The visa was refused on the basis that cl 101.213 or cl 101.221 were not met because the delegate was not satisfied that since turning 18, or within six months or a reasonable time after completing the equivalent of Year 12 in the Australian school system, the visa applicant had been undertaking a full-time course of study at an educational institution leading to the award of a professional, trade or vocational qualification.
A copy of the Decision Record was submitted to the Tribunal by the review applicant for the purposes of the review.
The review applicant appeared before the Tribunal on 23 November 2021 to give evidence and present arguments. The Tribunal hearing was conducted with the assistance of an interpreter in the Mandarin and English languages.
The review applicant was represented in relation to the review by her registered migration agent.
For the following reasons, the Tribunal has concluded that the decision under review should be affirmed.
CONSIDERATION OF CLAIMS AND EVIDENCE
In accordance with the President’s Direction Conducting Migration and Refugee Reviews (paragraph 8.2), the Tribunal has restricted its review to the particular criterion on which the primary decision was made.
The issue in this case is whether the visa applicant has fulfilled the criteria relating to full‑time study under cl 101.213(1)(c) at the time of application and at the time of this decision.
Criteria for applicants over 18
If, at the time of application, the visa applicant has turned 18, they need to meet certain requirements relating to relationships, work and study: cl 101.213. These requirements must continue to be met at the time of decision: cl 101.221(2)(b).
The applicant’s passport indicates his date of birth is 15 April 1995 and therefore he was aged 22 at the time of application.
Relationship status and history
At the time of application, the visa applicant must not be engaged to be married and must not have or ever have had a spouse or de facto partner: cl 101.213(1)(a).
The visa applicant claimed to not have been married and to not have (or ever have had) a spouse or de facto partner. The review applicant confirmed this information at the hearing. As these matters have not been contested by the delegate, and there is no evidence or claim before this Tribunal that the visa applicant has somehow provided false or misleading evidence in regard to these aspects, the Tribunal accepts the visa applicant’s claims at face value.
Given the above, the Tribunal finds cl 101.213(1)(a) is met at the time of application and continues to be met at the time of decision.
Not engaged in full-time work
At the time of application, the visa applicant must not be engaged in full-time work: cl 101.213(1)(b).

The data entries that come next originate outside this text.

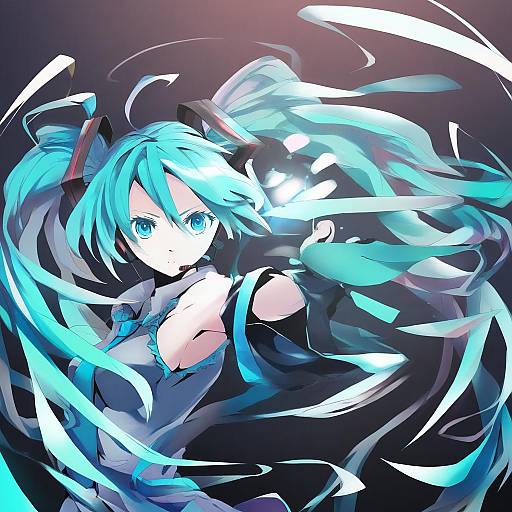 Illustration of Hachune miku, vocaloid in the style of Pokimari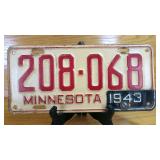 1942-43 Minnesota License Plate 208-068 with...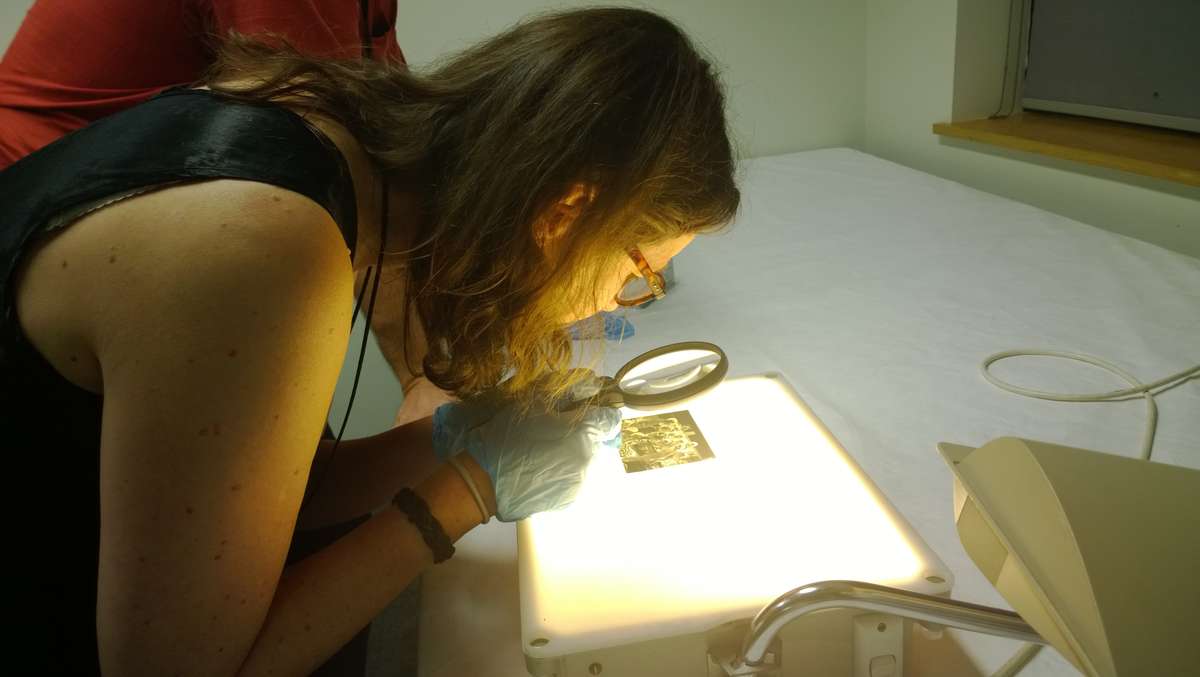 Ann Marie Fleming inspecting the museum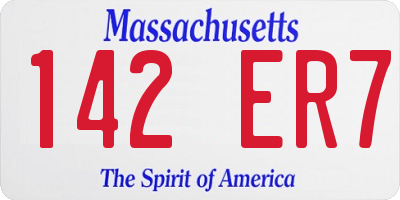 MA license plate 142ER7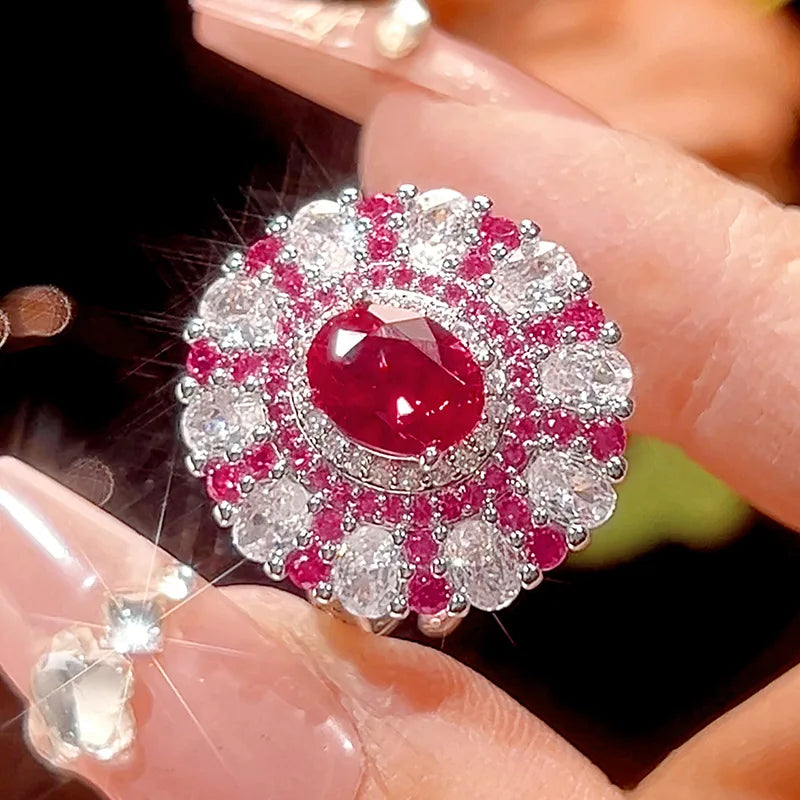 REDheart Women's Fashion Pearl Plated Rhodium/18K Gold Activity Ring Simulation Red Corundum Blue Spinel Egg Texture Pendant Set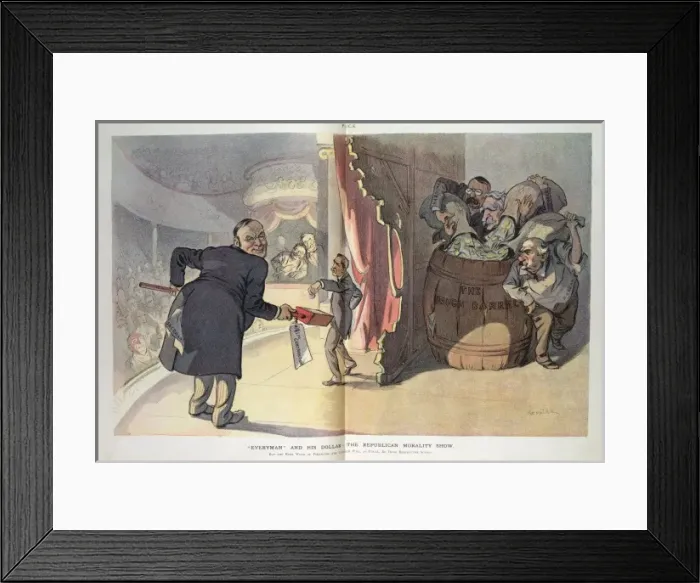 Framed Print : Everyman and his dollar - the Republican morality show Framed Print : Everyman and his dollar - the Republican morality show
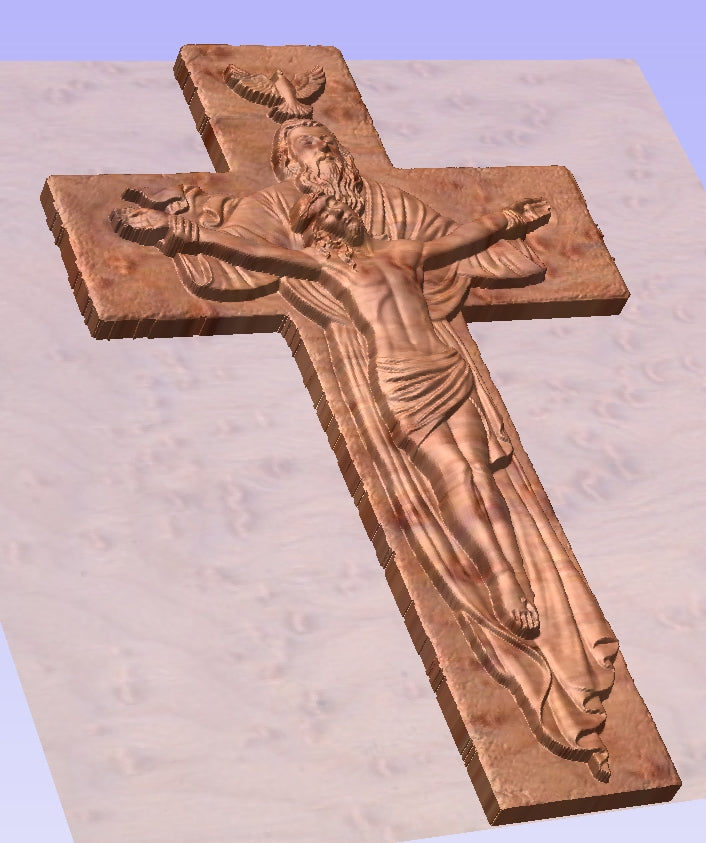 Trinity cross, 3D STL Model, CNC Router Engraver, Artcam, Aspire ,3D printing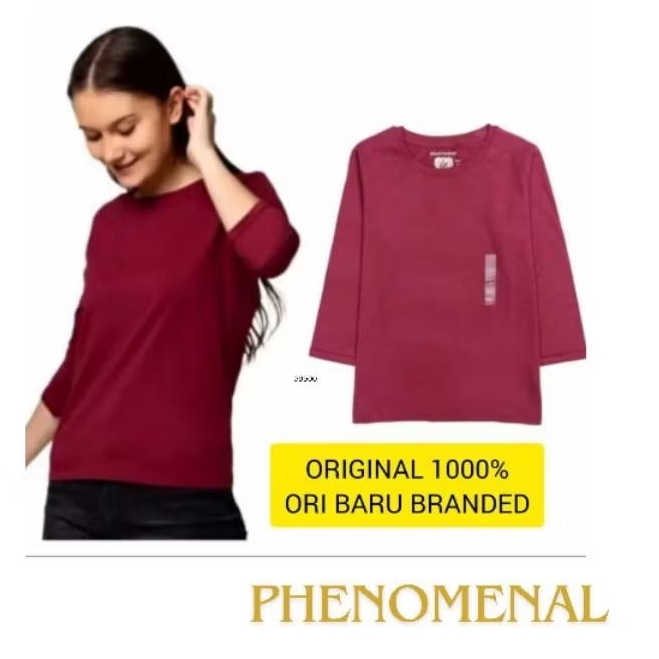 PHENOMENAL ORIGINAL KAOS  WANITA Phenomenal lengan 7/8 COTTON PREMIUM 1000%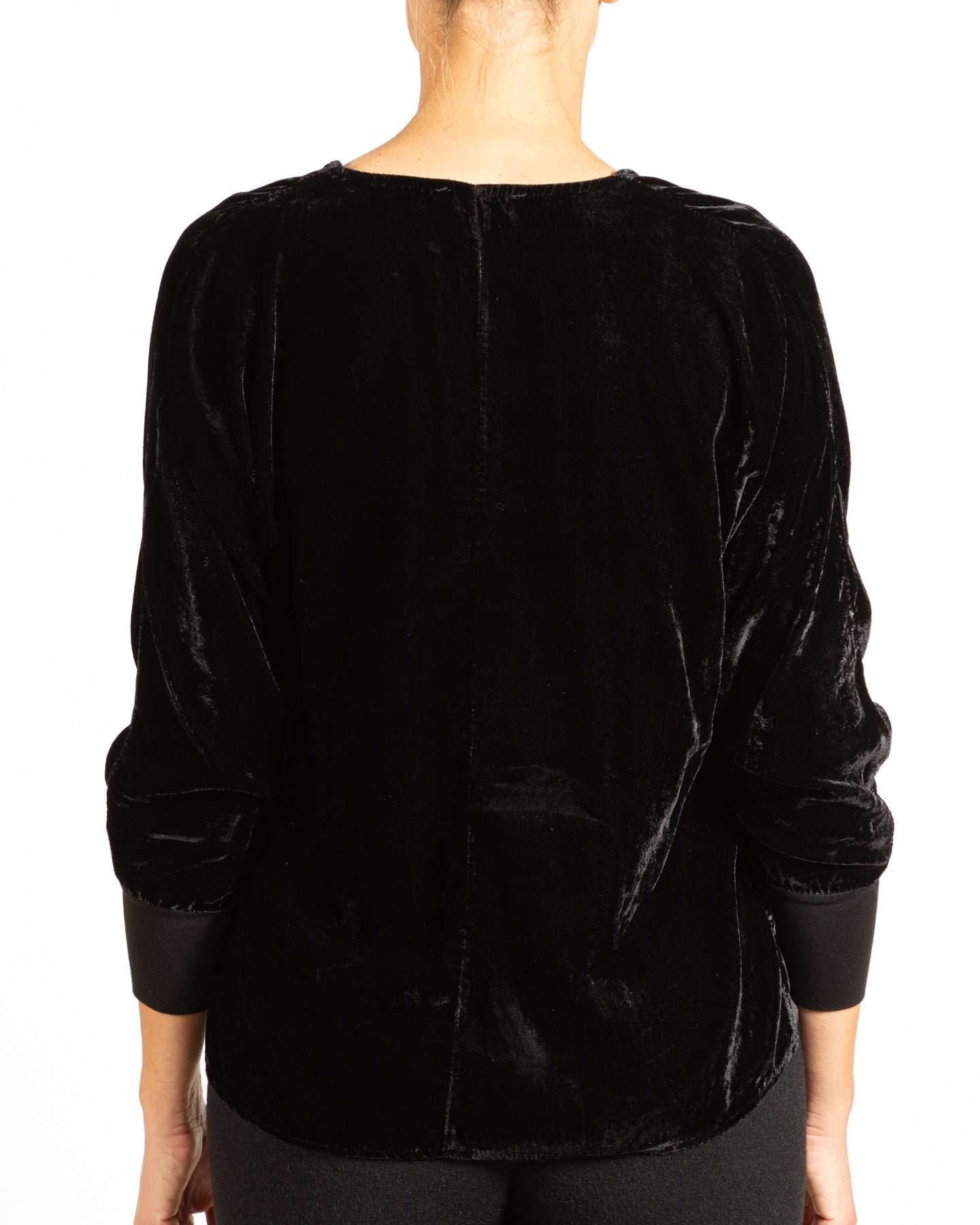 Black V Neck Crushed Velour Top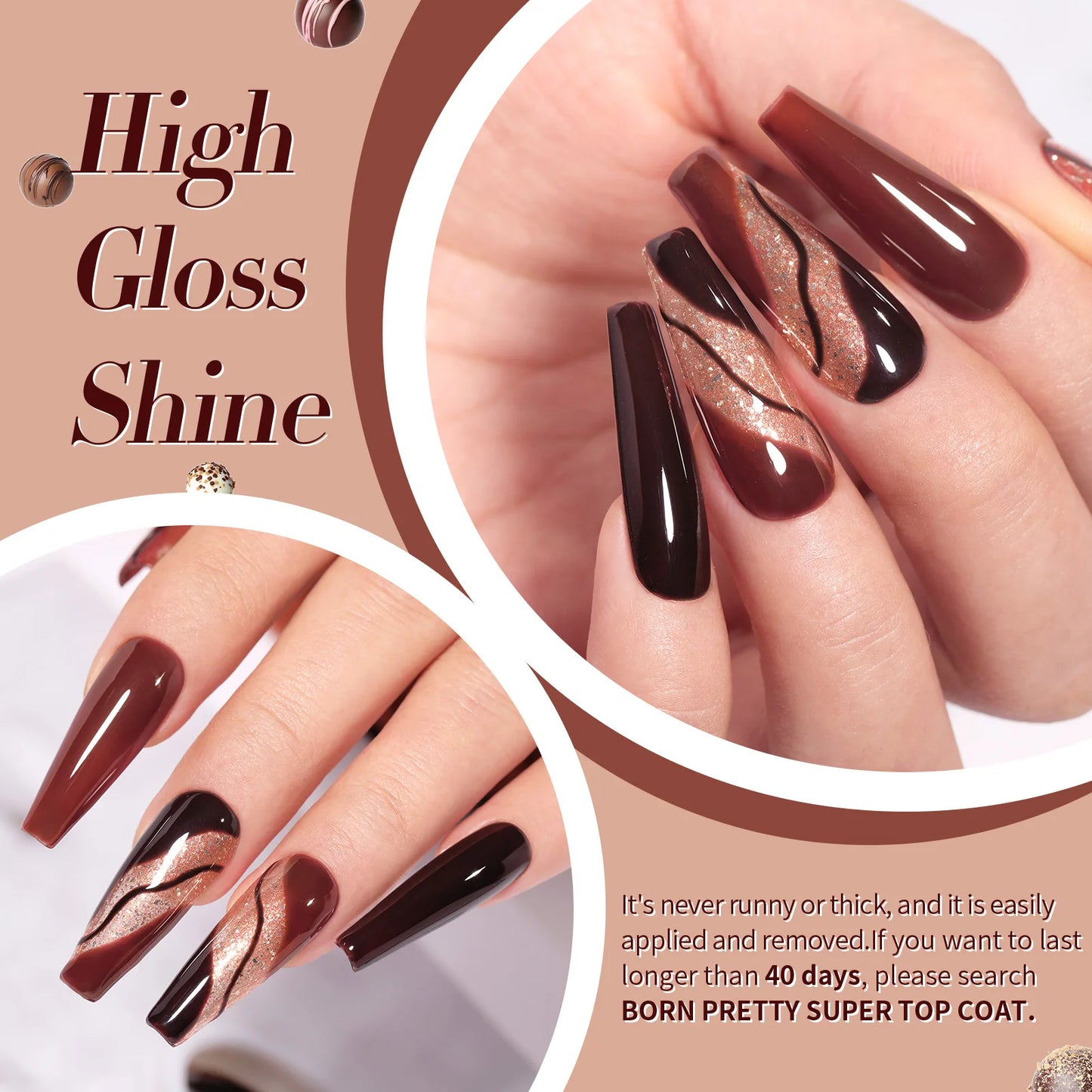 BORN PRETTY Brown Fall Gel Nail Polish Set 6 Colors Burgundy Red Soak Off Gel Polish Kit for Salon and Nail Art DIY at Home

At the time of application, the visa applicant claimed not to have been engaged in full‑time work. The evidence before the Tribunal is that the visa applicant worked part-time as a Teaching Assistant from December 2013 to February 2015 and that he had two other part‑time jobs, at a café from June 2013 to July 2013 and at C-Store from September 2013 to July 2014.
At hearing, the review applicant confirmed that at that time of application, the visa applicant had not worked on a full-time basis. As this matter has not been contested by the delegate, and there is no evidence or claim before this Tribunal that the visa applicant has somehow provided false or misleading evidence in regard to this aspect, the Tribunal accepts the visa applicant’s claims at face value.
Given the above, the Tribunal finds cl 101.213(1)(b) is met at the time of application.
The review applicant told the Tribunal that the visa applicant is currently working on a full‑time basis (see paragraph 37 below) and therefore cl 101.213(1)(b) does not continue to be met at the time of decision.
Full-time study (or incapacitated for work)
At the time of application, the visa applicant must have, since turning 18, or within six months or a reasonable time after completing the equivalent of Year 12 in the Australian school system, been undertaking a full-time course of study at an educational institution leading to the award of a professional, trade or vocational qualification: cl 101.213(1)(c).
This provision appears to contemplate a single full-time course of study at a particular institution (such as a degree or a technical college qualification), although it might well extend to cover a qualification that is obtained from an institution or accreditation body upon satisfaction of a variety of criteria, some of which may be fulfilled by undertaking courses at alternative institutions: Sok v MIMIA [2005] FMCA 190 at [15]-[16]. In determining what is a ‘reasonable time’ for cl 101.213(1)(c), it is relevant to consider the surrounding circumstances, including the actual time involved, what activities were undertaken during that time, the purpose for which those activities were undertaken and, if no relevant activities were undertaken, the reason why: Sok v MIMIA [2005] FMCA 190 at [19]. This requirement does not apply in the case of applicants who, at the time of making the application, were incapacitated for work due to the loss of bodily or mental functions: cl 101.213(2).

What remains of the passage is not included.